Мульгина мы решили судить в своем партийном коллективе. На суд Временного буржуазного правительства надеяться было нечего.
Приговор всем был ясен: предателю смерть. Это решение было принято единогласно. Три товарища взяли на себя приведение приговора в исполнение. Они отправились к Мульгину, а мы молча сидели и ждали их возвращения.
Вернувшись, они сообщили, что Мульгина дома не оказалось; его арестовали и отправили в Кресты. Мы решили установить наблюдение за Крестами, так как были уверены, что его быстро выпустят. И мы не ошиблись. Правительство Керенского выпустило всех провокаторов, в том числе и Мульгина. Он ускользнул от нас, уехав в Орловскую губернию. Только после Октябрьской революции Мульгин был арестован и по приговору суда расстрелян.
Митинг в казармах Московского гренадерского полка
После Февральской революции проводилось множество митингов и собраний, на которых происходили постоянные стычки между большевиками и меньшевиками.
Мне хорошо запомнилось одно из таких собраний. Оно происходило в Московском гренадерском полку; я случайно присутствовал на этом собрании.
В длинном, широком помещении бывшего офицерского собрания набилось до отказа солдат. Духота стояла невероятная. Я пробился к стенке, недалеко от стола, на котором докладчик, капитан какой-то пехотной части, готовил нужные к докладу бумаги.
К столу подошел бравый старший унтер-офицер и открыл собрание.
Слово было предоставлено представителю солдатской секции Петроградского Совета рабочих и солдатских депутатов капитану Беляеву.
— От солдат офицер будет говорить,— прошептал кто-то возле меня. Я тоже насторожился...
— Товарищи, мы с вами теперь свободные люди, мы кровью своей добыли эту свободу,— начал капитан.
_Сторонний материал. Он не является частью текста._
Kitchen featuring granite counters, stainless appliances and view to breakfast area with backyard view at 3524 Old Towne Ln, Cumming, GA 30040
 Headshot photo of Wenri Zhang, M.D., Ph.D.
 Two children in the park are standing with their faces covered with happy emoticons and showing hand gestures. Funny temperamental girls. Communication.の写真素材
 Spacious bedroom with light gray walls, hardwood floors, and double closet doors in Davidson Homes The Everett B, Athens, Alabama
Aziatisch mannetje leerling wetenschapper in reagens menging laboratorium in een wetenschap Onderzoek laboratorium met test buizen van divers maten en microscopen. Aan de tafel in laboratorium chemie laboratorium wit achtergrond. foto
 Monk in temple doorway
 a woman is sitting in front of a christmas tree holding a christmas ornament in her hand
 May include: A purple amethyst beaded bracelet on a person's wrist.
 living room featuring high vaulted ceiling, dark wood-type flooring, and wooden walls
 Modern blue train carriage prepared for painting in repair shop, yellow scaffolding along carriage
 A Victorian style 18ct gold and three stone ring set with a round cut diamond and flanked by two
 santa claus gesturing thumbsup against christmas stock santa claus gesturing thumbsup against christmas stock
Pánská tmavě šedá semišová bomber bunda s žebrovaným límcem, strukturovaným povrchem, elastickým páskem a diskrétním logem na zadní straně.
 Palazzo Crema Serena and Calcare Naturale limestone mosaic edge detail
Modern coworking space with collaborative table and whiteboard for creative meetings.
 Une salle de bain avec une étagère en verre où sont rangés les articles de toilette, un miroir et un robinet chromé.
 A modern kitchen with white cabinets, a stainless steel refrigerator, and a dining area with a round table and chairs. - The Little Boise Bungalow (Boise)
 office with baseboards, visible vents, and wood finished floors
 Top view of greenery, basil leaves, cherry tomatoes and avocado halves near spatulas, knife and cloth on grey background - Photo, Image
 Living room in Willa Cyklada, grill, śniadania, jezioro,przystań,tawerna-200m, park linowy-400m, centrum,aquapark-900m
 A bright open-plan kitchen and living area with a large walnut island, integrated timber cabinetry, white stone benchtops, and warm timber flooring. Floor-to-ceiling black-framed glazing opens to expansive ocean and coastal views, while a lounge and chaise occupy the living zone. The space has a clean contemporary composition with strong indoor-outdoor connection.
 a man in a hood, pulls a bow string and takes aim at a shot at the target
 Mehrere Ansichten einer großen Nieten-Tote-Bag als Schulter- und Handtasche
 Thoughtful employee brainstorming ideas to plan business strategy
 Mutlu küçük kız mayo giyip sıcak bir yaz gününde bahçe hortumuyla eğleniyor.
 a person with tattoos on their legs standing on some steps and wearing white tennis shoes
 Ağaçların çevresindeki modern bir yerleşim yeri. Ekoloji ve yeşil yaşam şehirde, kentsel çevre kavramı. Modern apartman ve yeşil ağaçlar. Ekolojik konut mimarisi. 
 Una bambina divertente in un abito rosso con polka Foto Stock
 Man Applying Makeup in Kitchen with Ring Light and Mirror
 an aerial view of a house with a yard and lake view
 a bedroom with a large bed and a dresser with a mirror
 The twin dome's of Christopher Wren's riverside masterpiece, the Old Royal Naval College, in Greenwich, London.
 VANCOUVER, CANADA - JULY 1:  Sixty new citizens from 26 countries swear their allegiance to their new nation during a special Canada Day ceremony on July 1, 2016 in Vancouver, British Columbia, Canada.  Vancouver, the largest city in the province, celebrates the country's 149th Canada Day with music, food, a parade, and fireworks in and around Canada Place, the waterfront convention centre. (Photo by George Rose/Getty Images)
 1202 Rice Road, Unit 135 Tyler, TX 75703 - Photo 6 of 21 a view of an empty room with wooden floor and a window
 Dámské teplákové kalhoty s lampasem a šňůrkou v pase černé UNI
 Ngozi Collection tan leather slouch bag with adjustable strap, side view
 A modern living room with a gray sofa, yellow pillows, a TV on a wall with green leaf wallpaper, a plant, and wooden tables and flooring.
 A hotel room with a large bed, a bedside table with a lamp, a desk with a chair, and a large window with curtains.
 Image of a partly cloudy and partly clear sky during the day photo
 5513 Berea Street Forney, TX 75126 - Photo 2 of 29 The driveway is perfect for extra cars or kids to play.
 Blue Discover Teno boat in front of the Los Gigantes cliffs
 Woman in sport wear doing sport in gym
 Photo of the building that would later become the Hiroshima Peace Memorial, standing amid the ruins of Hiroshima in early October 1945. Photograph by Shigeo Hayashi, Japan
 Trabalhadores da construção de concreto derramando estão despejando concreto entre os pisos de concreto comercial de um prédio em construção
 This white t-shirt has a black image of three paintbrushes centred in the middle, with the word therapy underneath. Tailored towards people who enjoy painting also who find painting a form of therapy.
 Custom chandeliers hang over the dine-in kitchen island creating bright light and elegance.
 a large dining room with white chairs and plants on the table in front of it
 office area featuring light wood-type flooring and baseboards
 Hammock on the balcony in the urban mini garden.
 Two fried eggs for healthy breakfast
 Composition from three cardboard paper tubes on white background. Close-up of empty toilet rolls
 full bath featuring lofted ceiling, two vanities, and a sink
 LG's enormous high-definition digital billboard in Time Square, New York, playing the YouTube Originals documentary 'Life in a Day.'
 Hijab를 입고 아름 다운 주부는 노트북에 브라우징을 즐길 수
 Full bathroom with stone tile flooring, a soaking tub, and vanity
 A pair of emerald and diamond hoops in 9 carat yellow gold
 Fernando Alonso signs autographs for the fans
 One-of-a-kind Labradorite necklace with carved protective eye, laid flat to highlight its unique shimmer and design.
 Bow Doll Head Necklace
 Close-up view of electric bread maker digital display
Вот он говорит полчаса, сорок минут и все в том же духе: свобода, воля, народ, кровь, победа и ни звука о практических задачах. Я не выдержал и крикнул:
— Товарищ капитан, о земле скажи, когда помещики отдадут землю крестьянам и когда ты отдашь им свою. Вокруг завозились солдаты. Одни смотрят на меня с удивлением, другие — с напряженным любопытством, третьи — с одобрительной улыбкой. А докладчик продолжает сыпать пышные слова и ни звука о земле, будто и не было вопроса.
Выждав некоторое время, я снова крикнул:
— О войне скажи, когда войне конец будет и когда закон о восьмичасовом рабочем дне для рабочих выйдет.
Докладчика взорвало.
— Я прошу оградить меня от этих анархистских элементов! — взревел он.
— О-г-го, куда хватил! О земле, о войне, о восьмичасовом рабочем дне — это анархия? А болтать целый час впустую — это не анархия?
Начался шум, топот, послышались выкрики.
— Правильно! Говори о земле, о войне, а зубы нам не заговаривай!
— Убрать его! — кричат некоторые.— Пусть не мешает слушать!
— Он не мешает, надо говорить о земле, о войне. Докладчик умолк, платком вытирает вспотевший лоб. Председатель собрания подзывает ефрейтора и что-то шепчет ему на ухо. Ефрейтор кивает головой, исчезает и буквально через минуту вырастает передо мной с двумя вооруженными солдатами.
— Идем,— сердито говорит он. Сопротивляться было бесполезно. Я поднялся и через боковую дверь вышел на улицу.
Но господину капитану вся обедня была испорчена, мысли солдат оказались направленными совсем не туда, куда он хотел.
В Выборгском районном Совете
Рабочие завода «Людвиг Нобель» по рекомендации нашей партийной организации избрали меня своим представителем в районный Совет рабочих и солдатских депутатов. В Петроградский Совет еще 27 февраля прямо на улице небольшой группой рабочих был избран эсер, и теперь общее собрание его утвердило. Когда я пришел на заседание райсовета, происходившее в здании Педагогического женского института, я был удивлен. Президиум уже сформирован, председателем его избран интернационалист межрайонец Максимов.